Manet was in an excellent position to obtain German contracts during the Occupation. Even before the German invasion in May 1940, a mass exodus had begun, with millions fleeing the north of the country to the south, where they thought they'd be safe. Many industrialists had tried unsuccessfully to move their entire factories, including the workers, to the south. But Manet had remained calm during the panic and stayed put, with all his factories intact.

Normally, a defeated country's economy ground to a halt, but Germany was in the business of war. It needed weapons for its fight with the Russians on the Eastern Front, and suitable French businesses were awarded contracts to produce war matériel. At first, French businessmen had viewed cooperation with the Germans as treason, but faced with a choice of having their businesses appropriated by the Germans without compensation or accepting the contracts, the pragmatic French had chosen the latter. Lucien was betting that Manet was a pragmatic man and that he was producing weapons for the Luftwaffe or the Wehrmacht. And that meant new factory space, which Lucien could design for him.

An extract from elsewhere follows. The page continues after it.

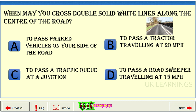When may you cross double solid white lines along the centre of the road? A: to pass parked vehicles on your side of the road. B: to pass a tractor travelling at 20 miles per hour. C: to pass a traffic queue at a junction. D: to pass a road sweeper travelling at 15 miles per hour. The correct answer is A: to pass parked vehicles on your side of the road.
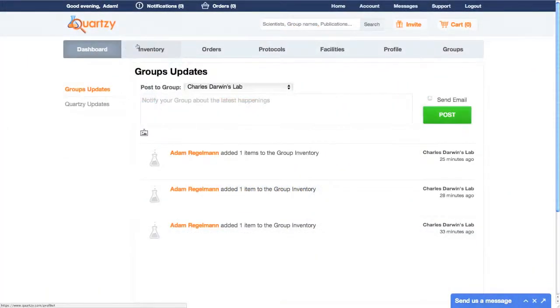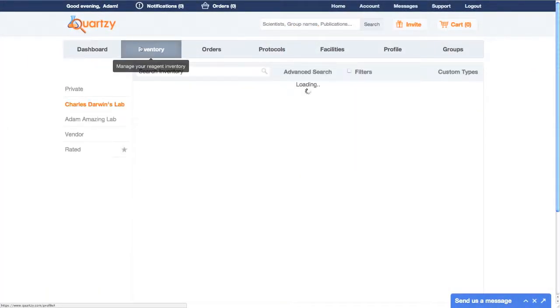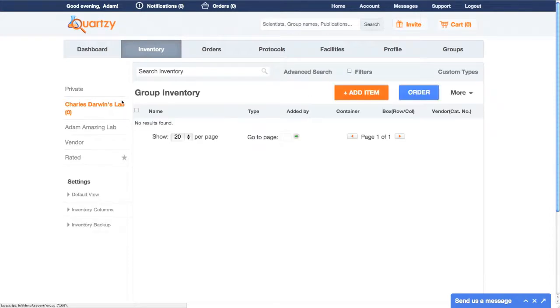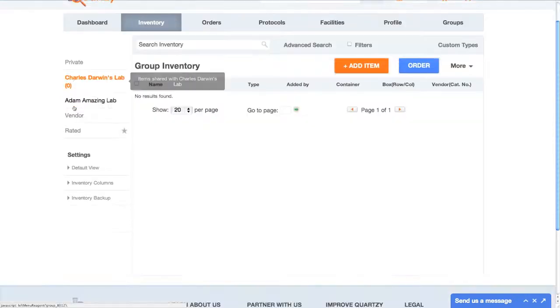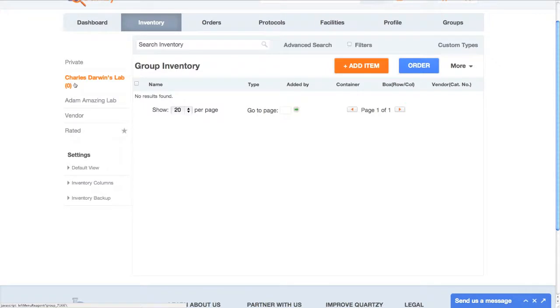To get started, just click the Inventory tab and you'll be taken inside. If I look over to the left, I can see two inventories: a private inventory, which is for my eyes only, and the inventories of the groups I'm a member of — in this case, the Charles Darwin Lab.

Before the war, whenever Lucien was on his way to meet a client for the first time, his imagination ran wild with visions of success—especially when he knew the client was rich. He tried to rein in his imagination now, telling himself to be pessimistic. Every time he got his hopes up high these days, they were smashed to bits. Like in 1938, when he was just about to start a store on the rue de la Tour d'Auvergne and then the client went bankrupt because of a divorce. Or the big estate in Orléans whose owner was arrested for embezzlement. He told himself to be grateful for any crumb of work that he could find in wartime.

Having nearly forgotten the incident with the Jew, Lucien's mind began to formulate a generic design of a factory that would be quite suitable for any type of war production. As he turned up the avenue Marceau, he smiled as he always did whenever he thought of a new design.